Per Bothner <xxxxxx@bothner.com> writes:
> On 1/15/24 18:28, John Cowan wrote:
>> On Sun, Jan 14, 2024 at 12:59 PM Per Bothner <xxxxxx@bothner.com
>> <mailto:xxxxxx@bothner.com>> wrote:
>> If you want a predicate to detect invalid code points (why? - what is the
>> use case?)
>> Because it's not a character. (Are you sure you don't mean an unassigned code
>> point? That should not be an error.)
>
> <snip>
>
> Of course this does not preclude signalling an error if a "character constructor" (such
> as the integer->char procedure) is passed invalid arguments. However, sting-ref should
> never fail if the index is in range.
Perhaps another SRFI is in order to better specify Unicode behavior?

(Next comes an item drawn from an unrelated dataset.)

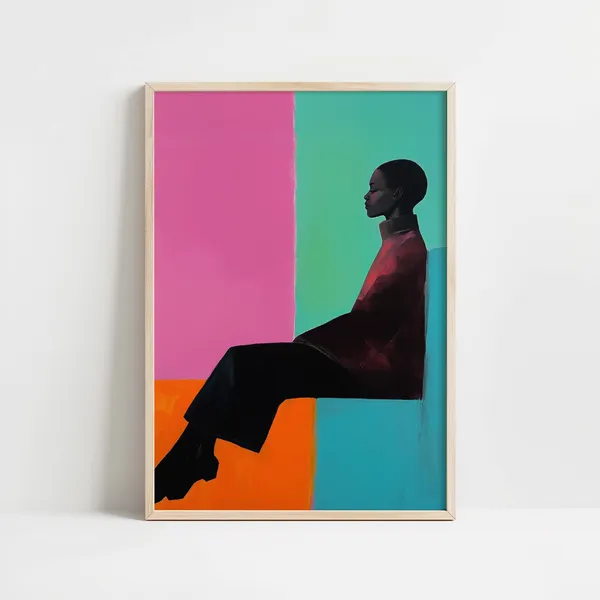 Bold Abstract Woman Portrait, Geometric Art Print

I think for the purposes of this SRFI, changing the sample
implementation to do this:
(define max-char (cond-expand (full-unicode #x10FFFF) (else 127)))
and then filtering out the invalid Unicode range #xD800-#xDFFF should
handle this issue. The full-unicode feature identifier is specified in
R7RS-small as:
"All Unicode characters present in Unicode version 6.0 are supported as
Scheme characters."
So that would mean the entire valid Unicode range, including codepoints
that are not assigned or are for private use.
For implementations that support non-Unicode characters (char values
greater than #x10FFFF), they can easily update the values in the sample
implementation.